Exercise prompt:
Omitting the pictures, print every line below exactly as it stands.

(Exercise material)

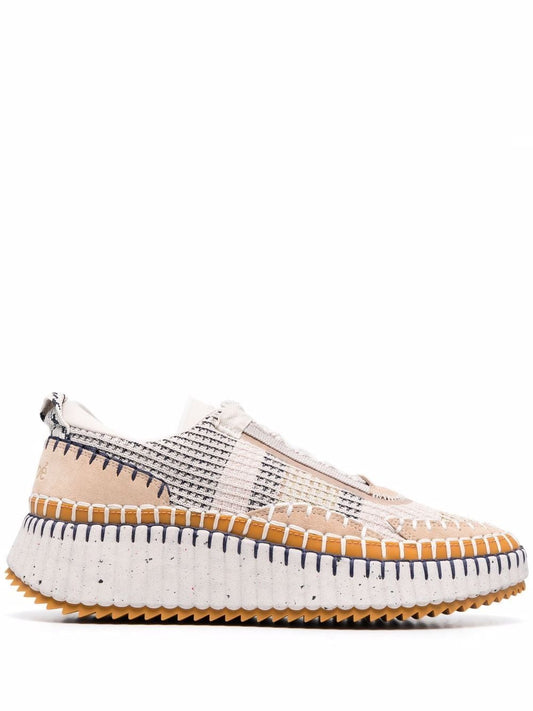 Chloè Sneakers Beige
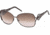 Roberto Cavalli RC595S Sunglasses - Shiny Dark Brown Frame Color, Gradient Brown Lens Color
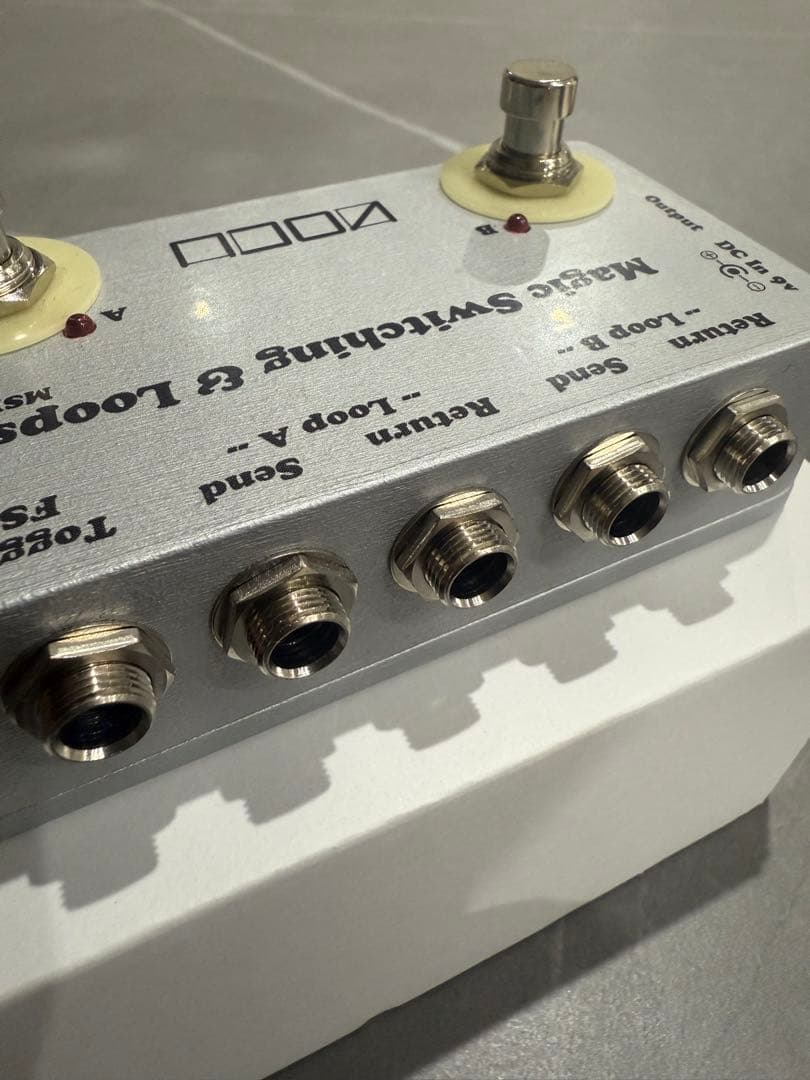 VOCU Magic Switching & Loops スイッチャー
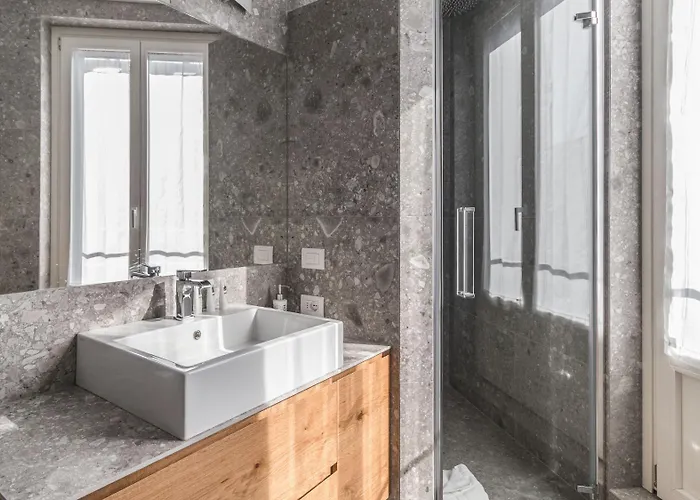 Italianway Comfort - Vincenzo Monti 29 Apartmán Milán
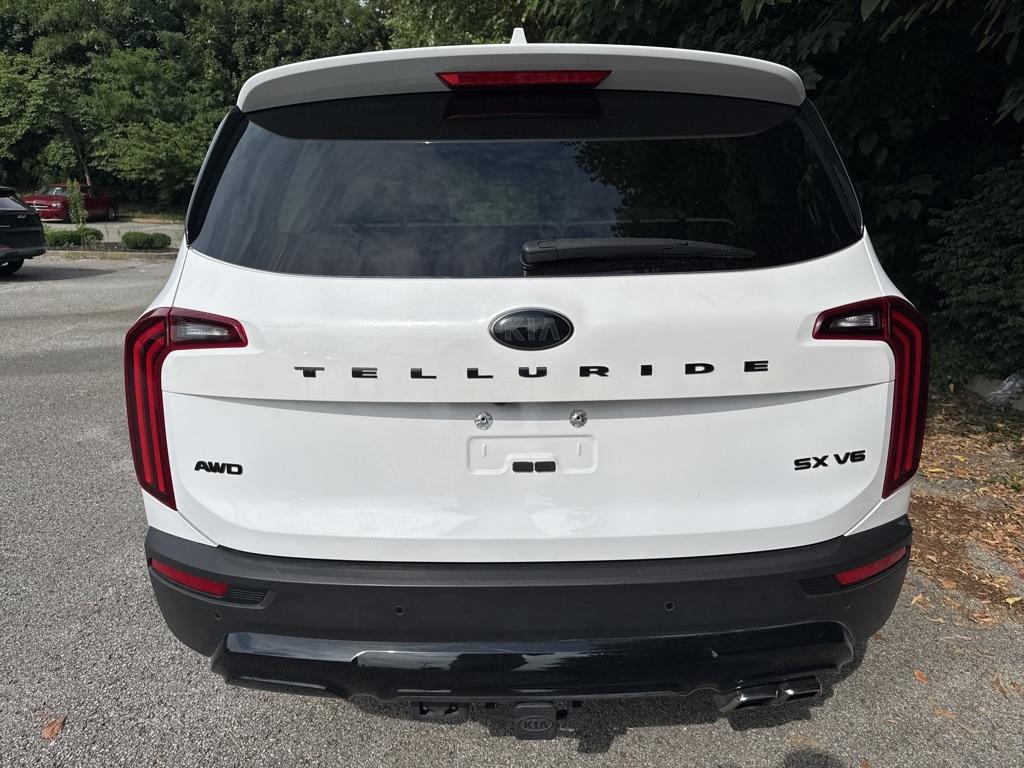 used 2021 Kia Telluride car, priced at $34,611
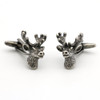 iGame Cute Animal Design Cuff Links Quality Brass Material Insect Design Cufflinks For Wedding Men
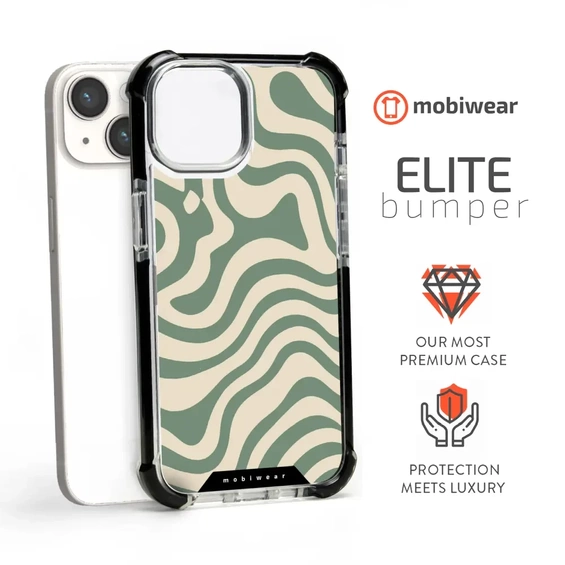 Case MagSafe Elite Bumper for Apple iPhone 14 Plus - Design DA57D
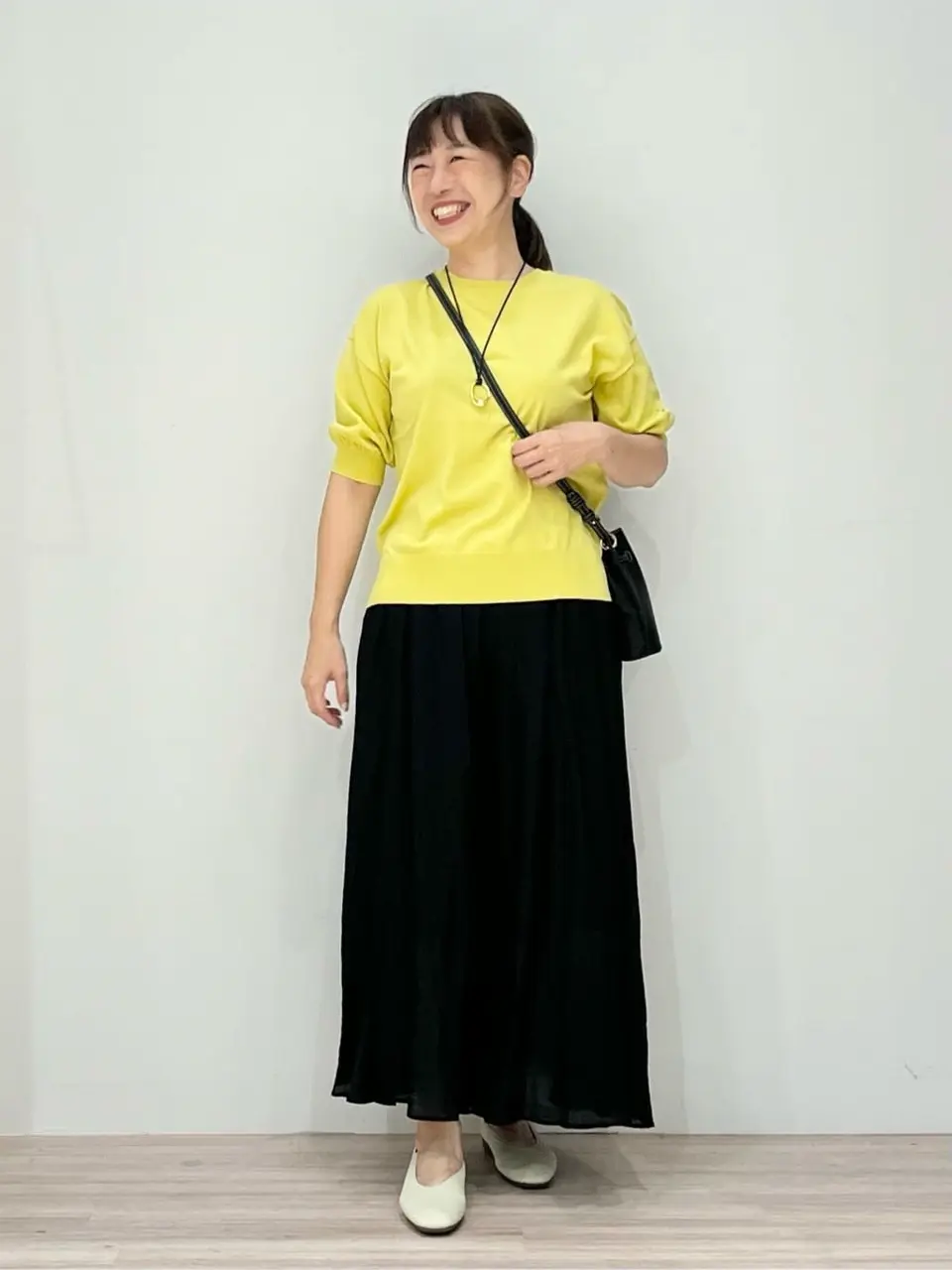 ONWARD CROSSET SELECT SAKAI コーディネート画像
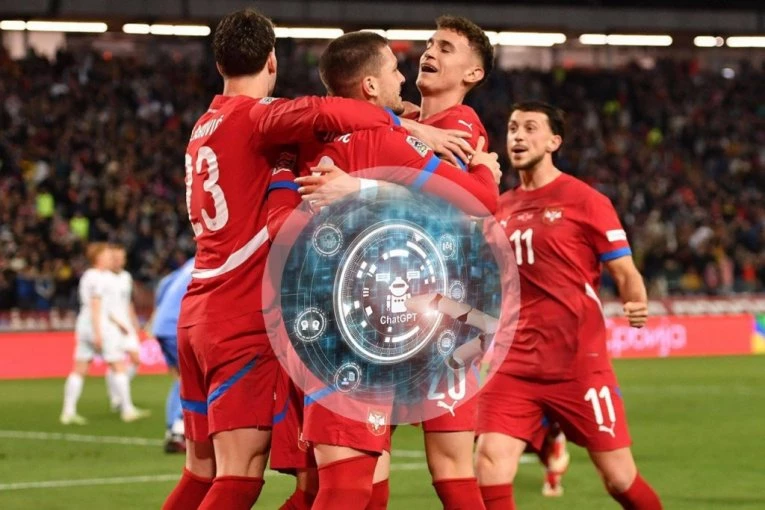 ChatGPT prognozirao pobednika Srbija – Engleska: OVO NIKO NA SVETU NIJE OČEKIVAO, dao detalje koji su presudni!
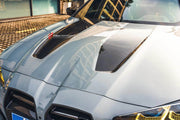 CSL CARBON HOOD | BONNET FOR BMW G82 M4 2020+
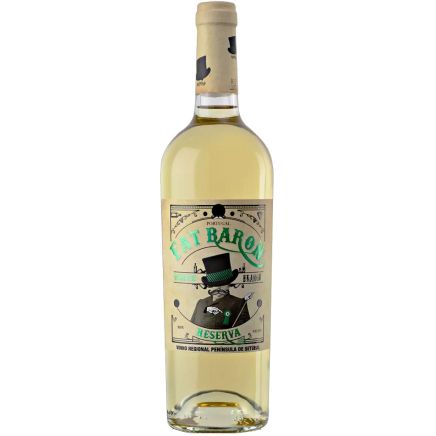Fat Baron White Reserva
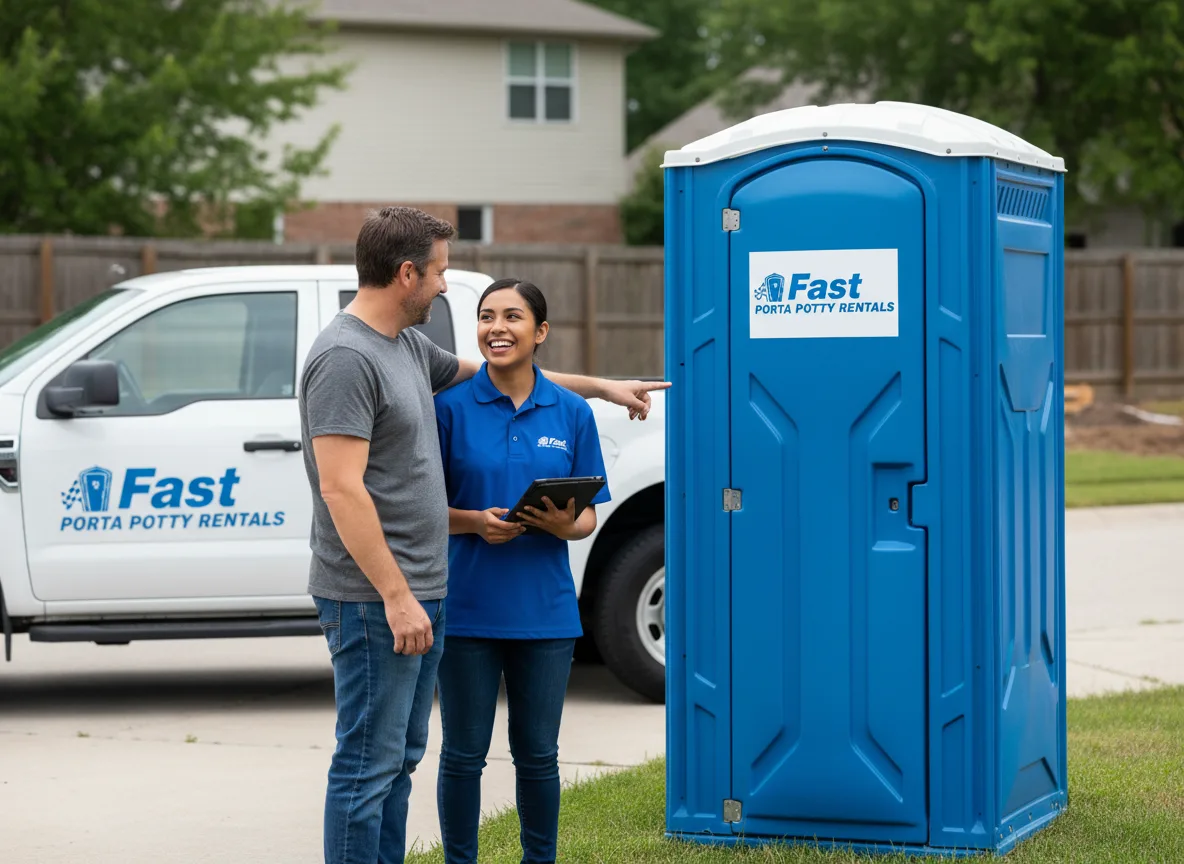Standard Porta Potty Rentals Millport, AL FAQs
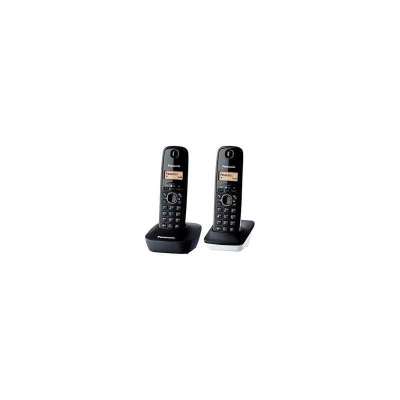 Telefono Panasonic KX-TG1612SP1 Duo BL/NG Profile Picture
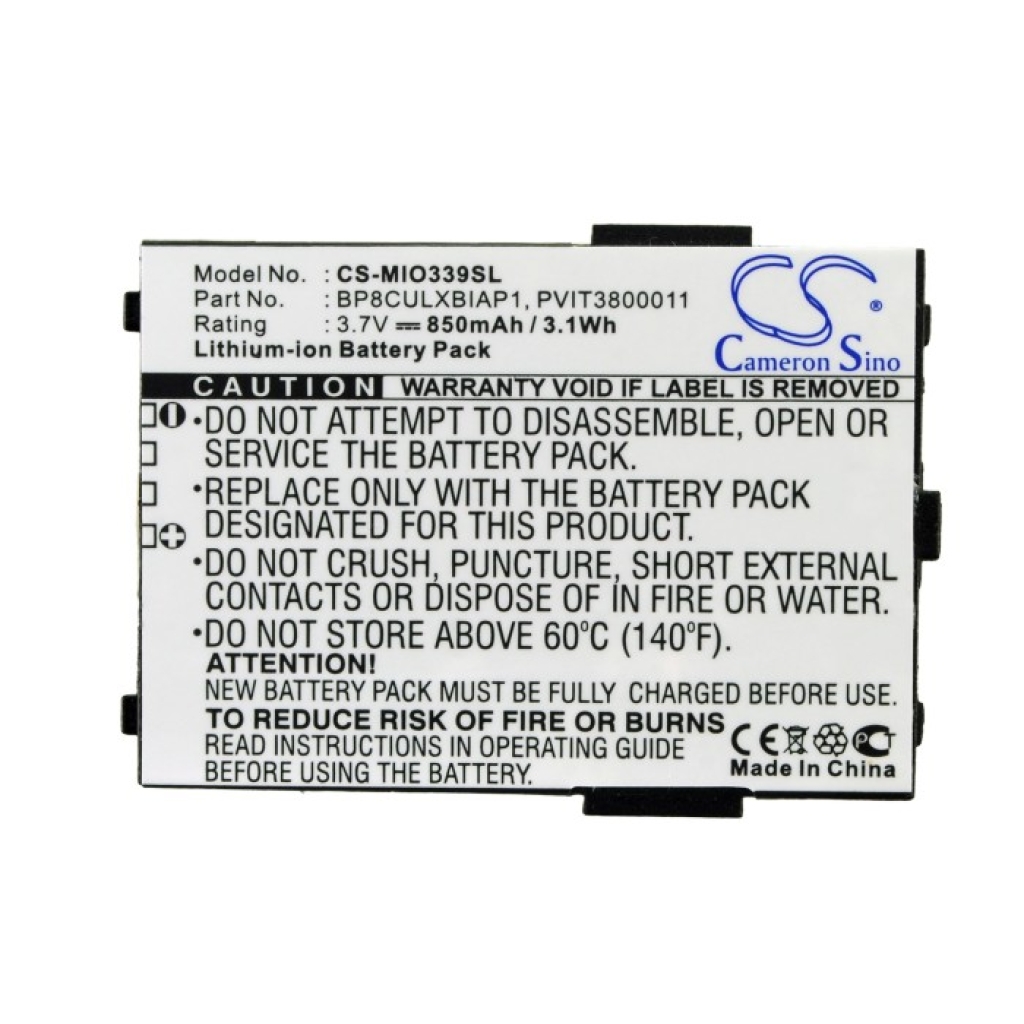 Tablet Battery ViewSonic V36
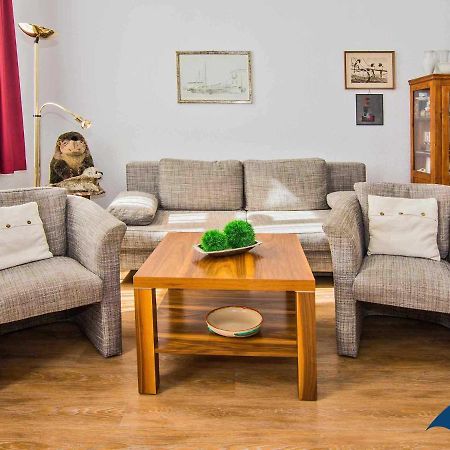 Villa Anna Whg 01 "Onyx" Херингсдорф Экстерьер фото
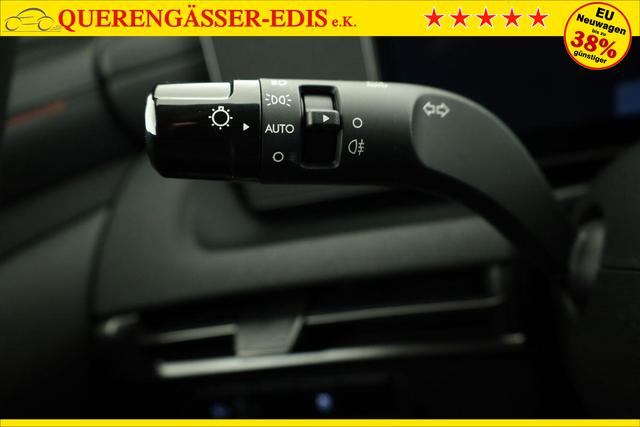 Hyundai TUCSON N Line 2WD 1.6 T-GDI DCT N-LINE, Navi, Kamera, Side, Winter 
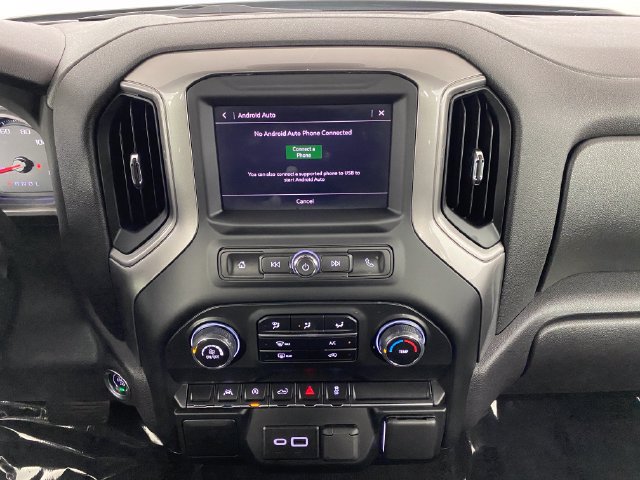 Certified 2024 Chevrolet Silverado 1500 Custom AWD/4WD image 21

(End Exercise material)

Result for this exercise:
 Chloè Sneakers Beige
 Roberto Cavalli RC595S Sunglasses - Shiny Dark Brown Frame Color, Gradient Brown Lens Color
 VOCU Magic Switching & Loops スイッチャー
 Italianway Comfort - Vincenzo Monti 29 Apartmán Milán
 used 2021 Kia Telluride car, priced at $34,611
 iGame Cute Animal Design Cuff Links Quality Brass Material Insect Design Cufflinks For Wedding Men
 Case MagSafe Elite Bumper for Apple iPhone 14 Plus - Design DA57D
 ONWARD CROSSET SELECT SAKAI コーディネート画像
 ChatGPT prognozirao pobednika Srbija – Engleska: OVO NIKO NA SVETU NIJE OČEKIVAO, dao detalje koji su presudni!
 CSL CARBON HOOD | BONNET FOR BMW G82 M4 2020+
Fat Baron White Reserva
Standard Porta Potty Rentals Millport, AL FAQs
 Telefono Panasonic KX-TG1612SP1 Duo BL/NG Profile Picture
 Tablet Battery ViewSonic V36
 Villa Anna Whg 01 "Onyx" Херингсдорф Экстерьер фото
 Hyundai TUCSON N Line 2WD 1.6 T-GDI DCT N-LINE, Navi, Kamera, Side, Winter 
 Certified 2024 Chevrolet Silverado 1500 Custom AWD/4WD image 21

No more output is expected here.